Shame has the power to oppress, silence and shape the way we live, love, work and parent.
“Shame is a social epidemic,” says Brené Brown, a shame and empathy researcher at the University of Huston Graduate College of Social Work. “We are shamed into thinking we are too fat, bad moms, not sexual enough. In our culture, the fear of not belonging and not being acceptable is so insidious that it changes our relationships, families and communities without us even knowing.”
Brown, a qualitative researcher, has written a book, “I Thought It Was Just Me: Women Reclaiming Power and Courage in a Culture of Shame.” She has discovered that shame manifests itself in many ways including addiction, perfectionism, fear and blame. She spent six years interviewing approximately 400 women about their most personal moments of shame – from the woman who was criticized by the gas station clerk when her credit card was declined (she later raged at her unsuspecting toddler as part of the vicious shame cycle), to the high school teacher who was labeled as a rabble-rouser when she spoke out at a faculty meeting (she later quit teaching).
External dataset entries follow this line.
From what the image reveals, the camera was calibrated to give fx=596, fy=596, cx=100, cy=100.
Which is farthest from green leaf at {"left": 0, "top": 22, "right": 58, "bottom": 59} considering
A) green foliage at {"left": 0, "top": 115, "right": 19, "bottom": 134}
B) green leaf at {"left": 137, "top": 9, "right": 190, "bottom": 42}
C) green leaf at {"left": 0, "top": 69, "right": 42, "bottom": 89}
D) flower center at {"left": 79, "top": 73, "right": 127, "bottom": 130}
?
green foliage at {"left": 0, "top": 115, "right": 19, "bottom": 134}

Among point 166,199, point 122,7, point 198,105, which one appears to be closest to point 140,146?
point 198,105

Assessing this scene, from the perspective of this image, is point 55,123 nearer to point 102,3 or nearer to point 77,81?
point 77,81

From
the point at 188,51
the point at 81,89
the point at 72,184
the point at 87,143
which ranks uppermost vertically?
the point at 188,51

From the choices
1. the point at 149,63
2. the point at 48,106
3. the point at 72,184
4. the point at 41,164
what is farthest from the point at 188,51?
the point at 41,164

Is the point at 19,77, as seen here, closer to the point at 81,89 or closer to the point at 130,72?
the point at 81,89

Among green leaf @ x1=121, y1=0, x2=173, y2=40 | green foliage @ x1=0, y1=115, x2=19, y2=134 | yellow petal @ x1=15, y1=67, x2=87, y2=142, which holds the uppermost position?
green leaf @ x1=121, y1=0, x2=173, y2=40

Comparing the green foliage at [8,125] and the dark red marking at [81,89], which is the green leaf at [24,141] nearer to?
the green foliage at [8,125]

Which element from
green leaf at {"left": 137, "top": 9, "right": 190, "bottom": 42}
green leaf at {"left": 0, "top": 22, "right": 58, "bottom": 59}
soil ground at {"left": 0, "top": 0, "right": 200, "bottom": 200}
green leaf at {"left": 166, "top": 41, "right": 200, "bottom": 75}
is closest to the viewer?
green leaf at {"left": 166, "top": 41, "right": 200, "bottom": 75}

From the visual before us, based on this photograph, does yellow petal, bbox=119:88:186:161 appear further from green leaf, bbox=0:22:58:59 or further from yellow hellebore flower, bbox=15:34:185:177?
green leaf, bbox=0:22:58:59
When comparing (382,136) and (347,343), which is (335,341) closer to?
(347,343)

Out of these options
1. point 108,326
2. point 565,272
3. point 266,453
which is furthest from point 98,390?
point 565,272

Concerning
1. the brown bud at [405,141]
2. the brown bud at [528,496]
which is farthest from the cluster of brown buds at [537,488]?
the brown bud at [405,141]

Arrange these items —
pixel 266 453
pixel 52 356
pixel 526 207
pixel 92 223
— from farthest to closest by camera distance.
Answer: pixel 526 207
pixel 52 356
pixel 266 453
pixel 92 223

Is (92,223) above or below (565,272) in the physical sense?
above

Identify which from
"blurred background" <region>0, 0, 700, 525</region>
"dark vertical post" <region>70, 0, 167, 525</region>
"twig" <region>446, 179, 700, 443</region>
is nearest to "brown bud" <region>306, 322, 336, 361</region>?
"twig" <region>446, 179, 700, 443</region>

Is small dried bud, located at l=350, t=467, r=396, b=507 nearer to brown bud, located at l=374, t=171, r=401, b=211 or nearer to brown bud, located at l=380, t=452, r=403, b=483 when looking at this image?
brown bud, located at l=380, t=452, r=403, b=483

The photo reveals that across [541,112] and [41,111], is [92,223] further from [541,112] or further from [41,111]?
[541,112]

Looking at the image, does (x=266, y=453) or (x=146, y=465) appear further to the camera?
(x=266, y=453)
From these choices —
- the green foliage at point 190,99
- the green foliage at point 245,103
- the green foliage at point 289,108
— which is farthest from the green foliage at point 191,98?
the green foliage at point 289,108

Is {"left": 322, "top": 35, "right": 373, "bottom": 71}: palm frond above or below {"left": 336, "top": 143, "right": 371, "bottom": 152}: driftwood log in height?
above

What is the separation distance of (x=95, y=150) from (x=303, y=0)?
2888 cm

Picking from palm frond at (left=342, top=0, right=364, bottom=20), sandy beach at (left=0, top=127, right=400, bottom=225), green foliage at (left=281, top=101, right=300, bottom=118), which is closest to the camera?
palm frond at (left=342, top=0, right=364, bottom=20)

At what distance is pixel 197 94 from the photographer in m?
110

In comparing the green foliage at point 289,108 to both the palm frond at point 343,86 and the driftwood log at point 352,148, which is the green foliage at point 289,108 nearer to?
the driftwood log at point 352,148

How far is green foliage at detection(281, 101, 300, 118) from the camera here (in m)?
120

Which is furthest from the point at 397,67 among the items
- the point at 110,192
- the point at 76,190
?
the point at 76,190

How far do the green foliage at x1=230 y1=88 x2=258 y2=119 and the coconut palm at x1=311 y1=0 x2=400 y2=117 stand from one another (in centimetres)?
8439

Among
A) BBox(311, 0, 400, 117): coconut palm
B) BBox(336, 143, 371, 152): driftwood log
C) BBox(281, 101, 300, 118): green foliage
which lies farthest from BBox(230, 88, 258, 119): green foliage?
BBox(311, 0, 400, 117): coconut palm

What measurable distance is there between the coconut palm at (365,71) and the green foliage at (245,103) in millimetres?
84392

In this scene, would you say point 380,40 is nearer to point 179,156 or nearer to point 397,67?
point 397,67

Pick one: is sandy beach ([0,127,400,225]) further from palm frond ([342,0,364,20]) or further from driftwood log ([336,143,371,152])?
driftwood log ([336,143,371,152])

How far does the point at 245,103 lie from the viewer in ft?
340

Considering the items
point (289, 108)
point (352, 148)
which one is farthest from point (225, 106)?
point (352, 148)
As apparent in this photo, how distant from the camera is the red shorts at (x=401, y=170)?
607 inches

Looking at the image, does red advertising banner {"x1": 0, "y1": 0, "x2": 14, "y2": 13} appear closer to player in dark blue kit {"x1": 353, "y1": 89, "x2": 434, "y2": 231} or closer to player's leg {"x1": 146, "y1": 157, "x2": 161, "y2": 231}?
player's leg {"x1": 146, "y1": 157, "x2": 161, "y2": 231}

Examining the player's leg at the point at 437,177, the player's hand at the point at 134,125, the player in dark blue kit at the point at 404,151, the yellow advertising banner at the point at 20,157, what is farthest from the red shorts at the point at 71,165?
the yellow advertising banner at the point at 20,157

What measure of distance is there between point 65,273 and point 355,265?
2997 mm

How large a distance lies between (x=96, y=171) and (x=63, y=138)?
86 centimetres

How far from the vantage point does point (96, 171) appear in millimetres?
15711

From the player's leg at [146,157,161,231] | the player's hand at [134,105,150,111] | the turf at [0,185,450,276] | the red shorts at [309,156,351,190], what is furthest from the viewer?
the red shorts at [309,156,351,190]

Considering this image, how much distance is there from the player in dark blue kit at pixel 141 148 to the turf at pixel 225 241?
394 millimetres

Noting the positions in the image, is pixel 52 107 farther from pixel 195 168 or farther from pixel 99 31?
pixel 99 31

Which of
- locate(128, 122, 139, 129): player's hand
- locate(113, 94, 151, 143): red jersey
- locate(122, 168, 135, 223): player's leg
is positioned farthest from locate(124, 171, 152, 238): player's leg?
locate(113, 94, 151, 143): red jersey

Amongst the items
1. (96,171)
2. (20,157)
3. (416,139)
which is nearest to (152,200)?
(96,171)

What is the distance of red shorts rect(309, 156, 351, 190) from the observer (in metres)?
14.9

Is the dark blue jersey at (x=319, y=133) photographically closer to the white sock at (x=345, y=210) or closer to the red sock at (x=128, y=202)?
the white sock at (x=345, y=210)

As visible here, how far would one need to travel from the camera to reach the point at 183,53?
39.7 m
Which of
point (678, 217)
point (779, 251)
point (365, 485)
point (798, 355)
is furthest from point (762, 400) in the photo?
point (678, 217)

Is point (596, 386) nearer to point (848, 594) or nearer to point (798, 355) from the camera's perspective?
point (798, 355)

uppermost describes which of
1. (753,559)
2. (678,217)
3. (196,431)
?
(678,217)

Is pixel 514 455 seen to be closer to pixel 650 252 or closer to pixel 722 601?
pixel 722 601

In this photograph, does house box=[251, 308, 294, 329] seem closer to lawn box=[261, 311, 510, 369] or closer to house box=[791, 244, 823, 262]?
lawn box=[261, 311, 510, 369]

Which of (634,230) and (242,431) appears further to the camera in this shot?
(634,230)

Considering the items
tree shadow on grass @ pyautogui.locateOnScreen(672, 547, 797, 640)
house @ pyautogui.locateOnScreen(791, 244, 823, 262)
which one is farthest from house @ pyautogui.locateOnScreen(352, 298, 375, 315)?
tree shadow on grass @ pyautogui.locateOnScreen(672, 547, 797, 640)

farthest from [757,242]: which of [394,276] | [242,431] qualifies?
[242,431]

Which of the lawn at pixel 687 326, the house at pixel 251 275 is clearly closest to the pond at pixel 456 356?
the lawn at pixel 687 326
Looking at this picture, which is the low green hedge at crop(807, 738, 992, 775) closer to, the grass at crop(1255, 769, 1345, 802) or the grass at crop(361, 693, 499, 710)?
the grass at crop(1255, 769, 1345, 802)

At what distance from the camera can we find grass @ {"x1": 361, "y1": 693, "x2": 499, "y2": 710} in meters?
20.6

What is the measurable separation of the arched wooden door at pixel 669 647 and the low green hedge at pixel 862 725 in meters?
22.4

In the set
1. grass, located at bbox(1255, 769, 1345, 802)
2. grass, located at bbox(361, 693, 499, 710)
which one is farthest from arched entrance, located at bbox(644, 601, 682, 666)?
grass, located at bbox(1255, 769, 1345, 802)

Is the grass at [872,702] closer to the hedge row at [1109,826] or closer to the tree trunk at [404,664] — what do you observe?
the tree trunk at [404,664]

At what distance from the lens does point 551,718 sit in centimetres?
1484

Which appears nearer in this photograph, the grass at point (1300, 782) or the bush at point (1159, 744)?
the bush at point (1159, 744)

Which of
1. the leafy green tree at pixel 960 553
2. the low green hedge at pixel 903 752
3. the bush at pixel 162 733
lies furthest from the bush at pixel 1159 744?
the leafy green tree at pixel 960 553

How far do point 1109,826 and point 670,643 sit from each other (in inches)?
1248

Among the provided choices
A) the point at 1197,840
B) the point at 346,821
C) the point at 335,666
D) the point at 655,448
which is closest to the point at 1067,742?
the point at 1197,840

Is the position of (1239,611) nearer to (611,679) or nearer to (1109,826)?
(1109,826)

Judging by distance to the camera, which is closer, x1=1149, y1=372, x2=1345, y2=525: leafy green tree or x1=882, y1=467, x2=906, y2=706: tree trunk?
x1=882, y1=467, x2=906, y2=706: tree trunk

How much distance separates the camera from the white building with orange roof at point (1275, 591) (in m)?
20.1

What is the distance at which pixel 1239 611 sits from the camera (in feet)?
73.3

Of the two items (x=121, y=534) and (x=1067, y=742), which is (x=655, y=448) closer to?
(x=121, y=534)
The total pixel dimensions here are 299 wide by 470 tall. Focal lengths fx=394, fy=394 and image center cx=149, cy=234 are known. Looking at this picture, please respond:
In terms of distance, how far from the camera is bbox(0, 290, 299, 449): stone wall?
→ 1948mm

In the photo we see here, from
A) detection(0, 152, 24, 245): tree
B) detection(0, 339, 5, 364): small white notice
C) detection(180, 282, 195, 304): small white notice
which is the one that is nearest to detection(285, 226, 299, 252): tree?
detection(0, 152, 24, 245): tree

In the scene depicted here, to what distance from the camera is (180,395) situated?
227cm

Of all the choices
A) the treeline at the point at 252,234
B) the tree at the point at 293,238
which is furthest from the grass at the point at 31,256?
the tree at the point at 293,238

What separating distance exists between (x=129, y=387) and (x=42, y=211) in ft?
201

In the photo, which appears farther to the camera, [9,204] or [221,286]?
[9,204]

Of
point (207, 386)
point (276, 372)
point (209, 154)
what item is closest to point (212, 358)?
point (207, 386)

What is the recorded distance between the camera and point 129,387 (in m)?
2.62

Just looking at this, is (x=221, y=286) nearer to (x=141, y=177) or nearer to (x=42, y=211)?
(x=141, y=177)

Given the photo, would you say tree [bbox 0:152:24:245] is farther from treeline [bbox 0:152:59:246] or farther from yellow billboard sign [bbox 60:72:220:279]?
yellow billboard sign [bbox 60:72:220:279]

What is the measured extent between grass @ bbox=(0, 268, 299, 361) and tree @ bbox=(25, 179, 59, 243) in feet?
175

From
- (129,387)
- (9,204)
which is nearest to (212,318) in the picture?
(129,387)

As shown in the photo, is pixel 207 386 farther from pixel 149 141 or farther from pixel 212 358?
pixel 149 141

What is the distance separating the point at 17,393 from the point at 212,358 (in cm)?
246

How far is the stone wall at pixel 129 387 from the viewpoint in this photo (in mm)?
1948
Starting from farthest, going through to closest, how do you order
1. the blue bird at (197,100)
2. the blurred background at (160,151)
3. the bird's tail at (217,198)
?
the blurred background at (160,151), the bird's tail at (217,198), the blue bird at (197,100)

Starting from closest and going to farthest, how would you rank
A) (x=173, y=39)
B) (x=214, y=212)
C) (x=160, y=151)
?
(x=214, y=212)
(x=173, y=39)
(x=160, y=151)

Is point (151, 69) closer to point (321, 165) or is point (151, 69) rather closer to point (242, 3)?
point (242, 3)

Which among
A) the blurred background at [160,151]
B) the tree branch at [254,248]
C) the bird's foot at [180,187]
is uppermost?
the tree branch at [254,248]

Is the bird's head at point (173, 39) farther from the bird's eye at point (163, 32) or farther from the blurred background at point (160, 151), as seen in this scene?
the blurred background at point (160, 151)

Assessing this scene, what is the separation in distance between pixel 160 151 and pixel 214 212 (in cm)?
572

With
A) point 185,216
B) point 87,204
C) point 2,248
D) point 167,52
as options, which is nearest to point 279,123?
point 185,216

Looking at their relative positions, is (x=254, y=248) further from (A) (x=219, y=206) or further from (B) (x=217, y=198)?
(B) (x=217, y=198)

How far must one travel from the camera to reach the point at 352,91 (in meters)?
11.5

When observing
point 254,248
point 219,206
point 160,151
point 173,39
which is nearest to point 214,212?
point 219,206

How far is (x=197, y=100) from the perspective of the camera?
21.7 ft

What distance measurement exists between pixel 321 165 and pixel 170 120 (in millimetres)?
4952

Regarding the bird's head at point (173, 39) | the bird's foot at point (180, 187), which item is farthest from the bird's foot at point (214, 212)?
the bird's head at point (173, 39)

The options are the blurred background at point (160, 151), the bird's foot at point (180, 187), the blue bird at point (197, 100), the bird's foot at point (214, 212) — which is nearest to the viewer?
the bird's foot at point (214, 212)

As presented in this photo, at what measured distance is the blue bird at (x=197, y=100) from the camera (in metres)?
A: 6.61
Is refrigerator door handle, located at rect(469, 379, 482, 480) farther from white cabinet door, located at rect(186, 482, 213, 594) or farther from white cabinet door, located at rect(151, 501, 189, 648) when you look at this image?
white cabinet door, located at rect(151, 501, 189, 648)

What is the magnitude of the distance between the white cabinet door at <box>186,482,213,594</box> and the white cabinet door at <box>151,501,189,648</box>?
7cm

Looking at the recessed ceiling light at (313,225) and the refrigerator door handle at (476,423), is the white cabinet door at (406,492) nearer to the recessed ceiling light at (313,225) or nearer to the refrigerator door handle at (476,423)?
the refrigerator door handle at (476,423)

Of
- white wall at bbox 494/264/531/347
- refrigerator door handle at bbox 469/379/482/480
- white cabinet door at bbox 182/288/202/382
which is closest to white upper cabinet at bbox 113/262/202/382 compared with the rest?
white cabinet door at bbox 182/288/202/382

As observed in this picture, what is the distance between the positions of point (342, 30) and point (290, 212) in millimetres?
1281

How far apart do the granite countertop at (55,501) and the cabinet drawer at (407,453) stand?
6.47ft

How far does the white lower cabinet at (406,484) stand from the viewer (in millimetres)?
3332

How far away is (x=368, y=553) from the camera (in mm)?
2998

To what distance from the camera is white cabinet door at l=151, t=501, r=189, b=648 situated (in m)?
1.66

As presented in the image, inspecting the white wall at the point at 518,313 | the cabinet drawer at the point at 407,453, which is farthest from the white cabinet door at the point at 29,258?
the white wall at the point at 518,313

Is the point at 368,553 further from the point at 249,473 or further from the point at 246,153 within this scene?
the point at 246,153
“Shame lurks in all of the familiar places like body image, motherhood, family, parenting, money and work, mental and physical health, addiction, sex, aging and religion,” Brown said. “When we are feeling shame, the camera is zoomed in tight, and all we see is our flawed selves, alone and struggling. We think to ourselves, ‘I’m the only one. Something is wrong with me. I am alone.’ The less we understand shame and how it affects our feelings, thoughts and behaviors, the more power it exerts over our lives.”
While Brown explains that we cannot be completely resistant to shame, we can develop the resilience we need to recognize shame, move through it constructively and grow from the experiences. Across the interviews, women with high levels of shame resilience shared four things in common, which Brown refers to as “The Four Elements of Shame Resilience.”
“These include the ability to recognize shame and understand what triggers it and developing critical awareness about the messages and expectations that drive shame,” Brown said. “In addition, those with high levels of shame resilience can reach out and share their stories. They have connection networks and are able to ’speak shame.’ They can use the word. They can be honest about their feelings and ask for what they need, rather than acting out or shutting down.”
One of Brown’s goals with this research is to create a national dialogue on the issue of shame, so the feelings of pain and isolation can be transformed into compassion and connection.